DIRECTIONS FOR THIS TASK -> Look through the listing below for the line containing "risen double breasted". Copy it and each line after it up to and including the line containing "Komatsu parts book", exactly, leaving out pictures.

DATA SECTION ->
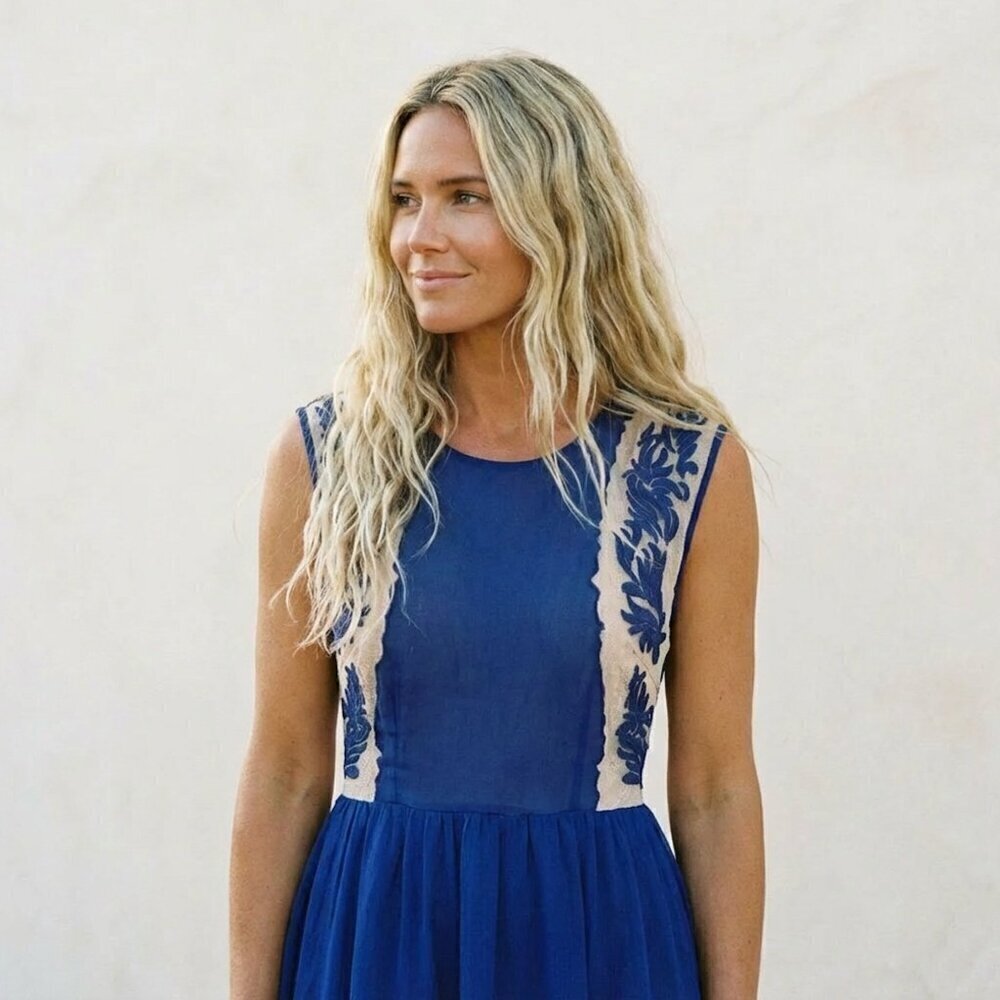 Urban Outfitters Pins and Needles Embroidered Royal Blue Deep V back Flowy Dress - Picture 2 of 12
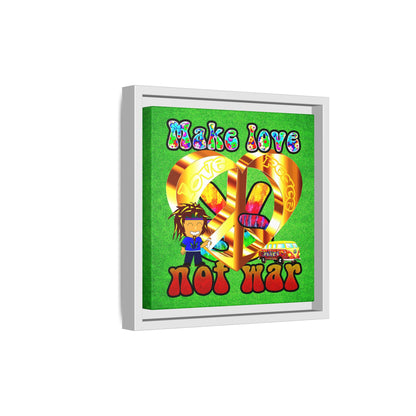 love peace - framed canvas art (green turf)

...

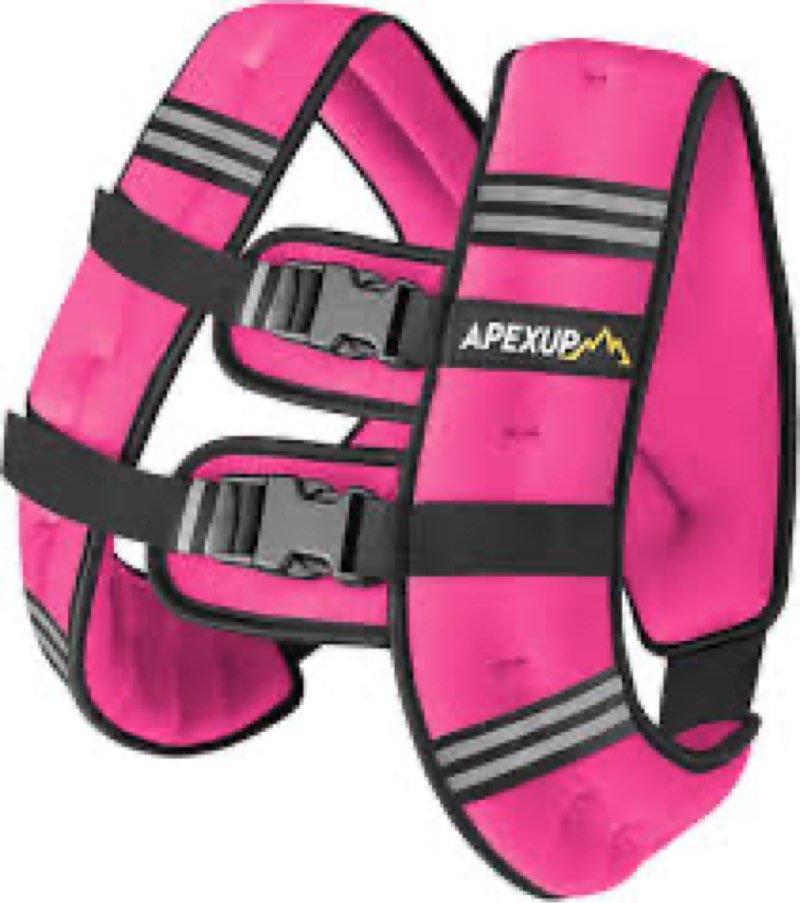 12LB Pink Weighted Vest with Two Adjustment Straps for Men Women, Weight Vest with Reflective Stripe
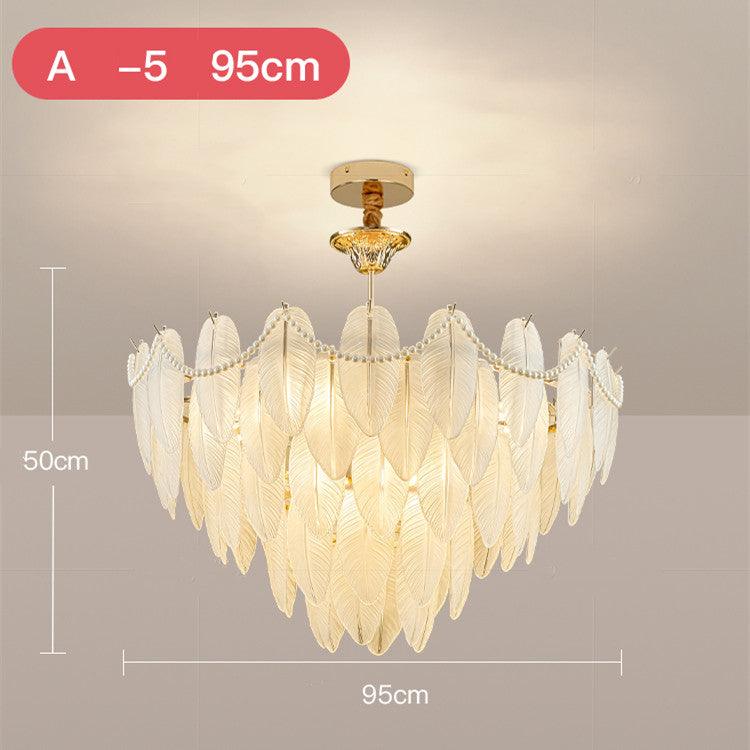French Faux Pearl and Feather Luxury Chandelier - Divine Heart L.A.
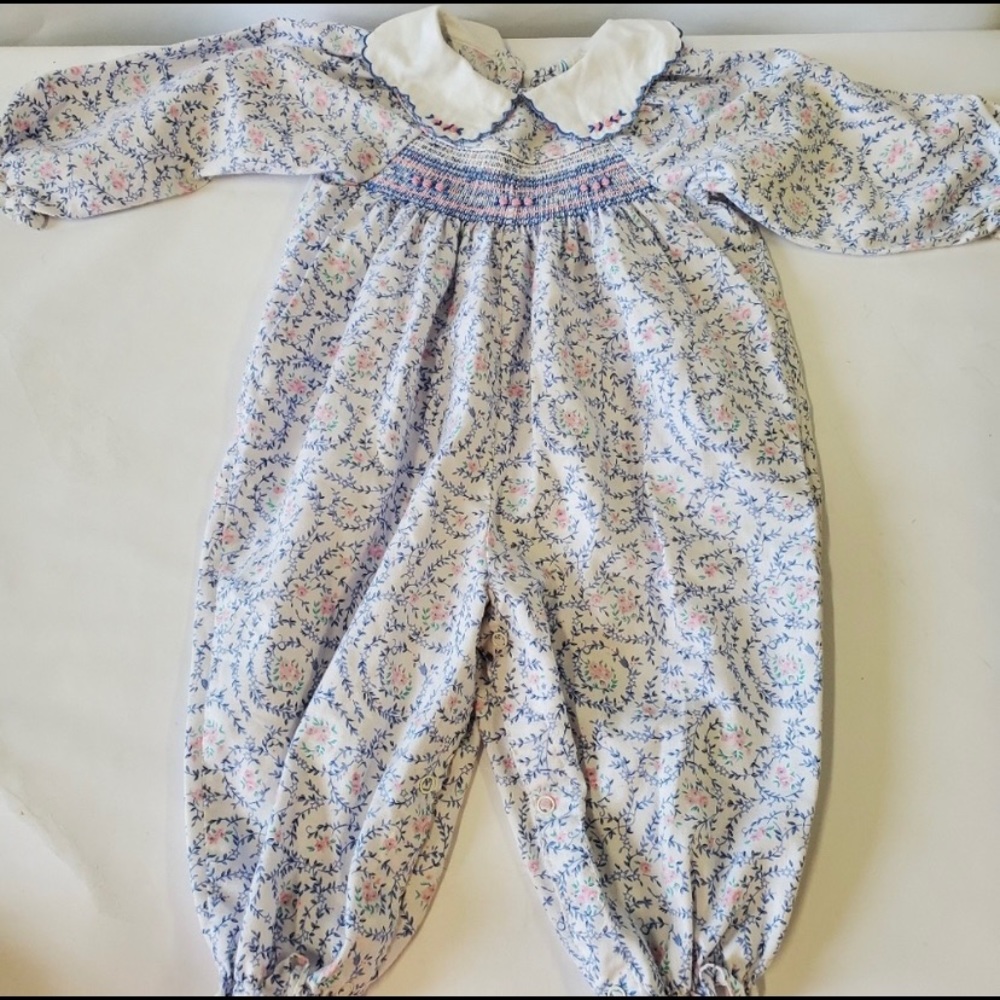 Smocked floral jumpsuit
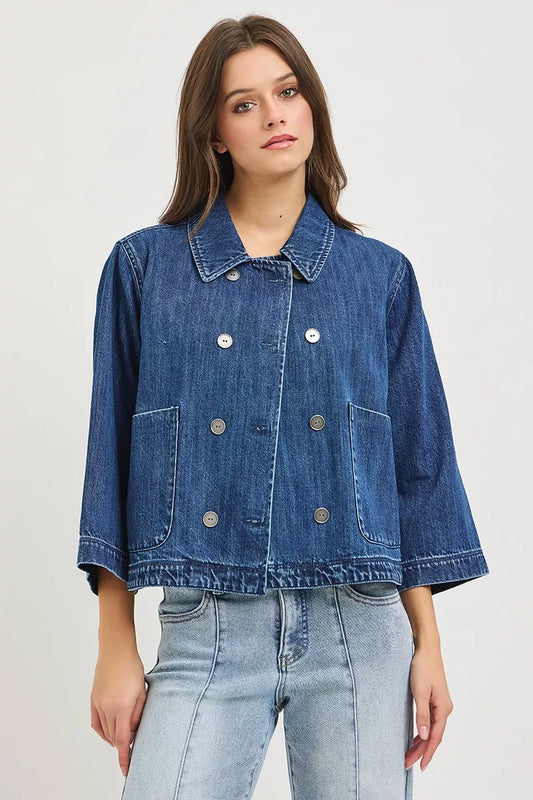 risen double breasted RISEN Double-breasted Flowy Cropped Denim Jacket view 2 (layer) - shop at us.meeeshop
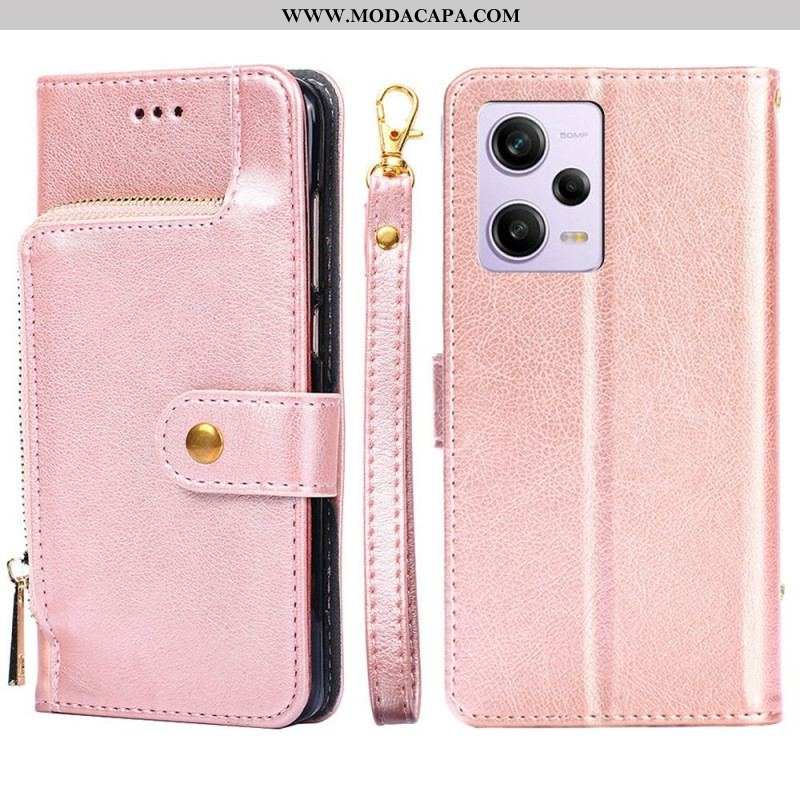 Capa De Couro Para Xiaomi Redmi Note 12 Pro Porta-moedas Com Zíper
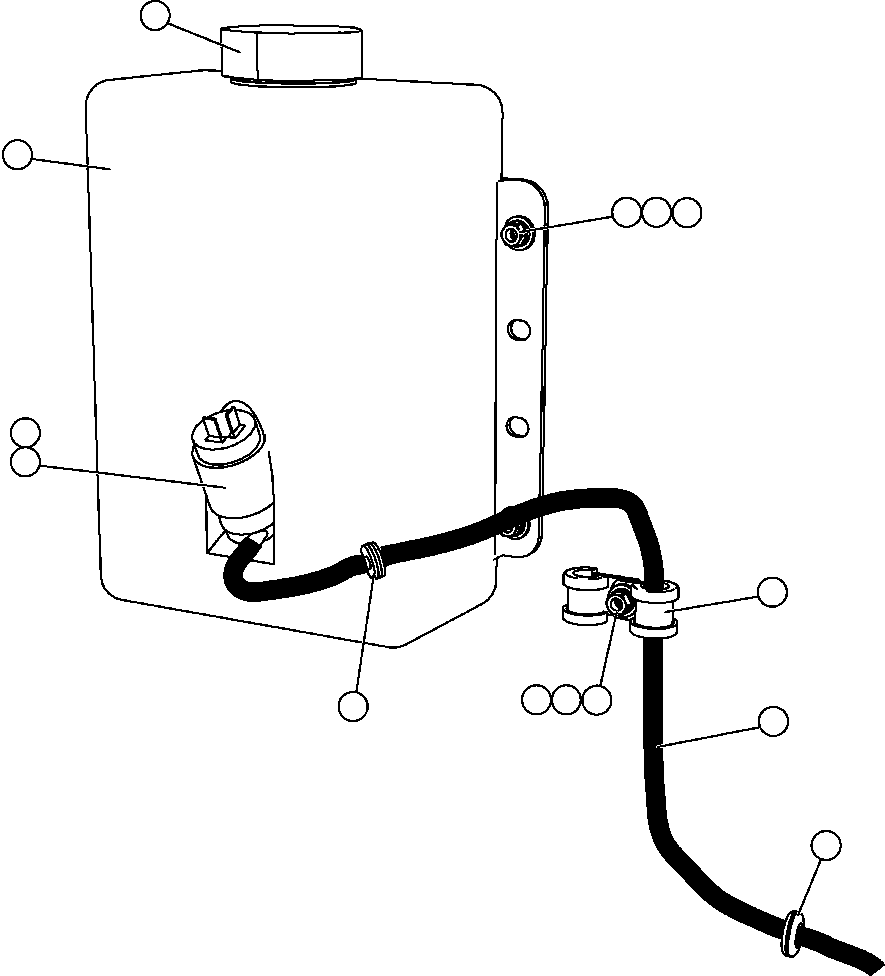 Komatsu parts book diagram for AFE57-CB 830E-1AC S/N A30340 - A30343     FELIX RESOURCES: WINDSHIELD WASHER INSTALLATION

EXERCISE RESULT ->
 risen double breasted RISEN Double-breasted Flowy Cropped Denim Jacket view 2 (layer) - shop at us.meeeshop
 Capa De Couro Para Xiaomi Redmi Note 12 Pro Porta-moedas Com Zíper
 Komatsu parts book diagram for AFE57-CB 830E-1AC S/N A30340 - A30343     FELIX RESOURCES: WINDSHIELD WASHER INSTALLATION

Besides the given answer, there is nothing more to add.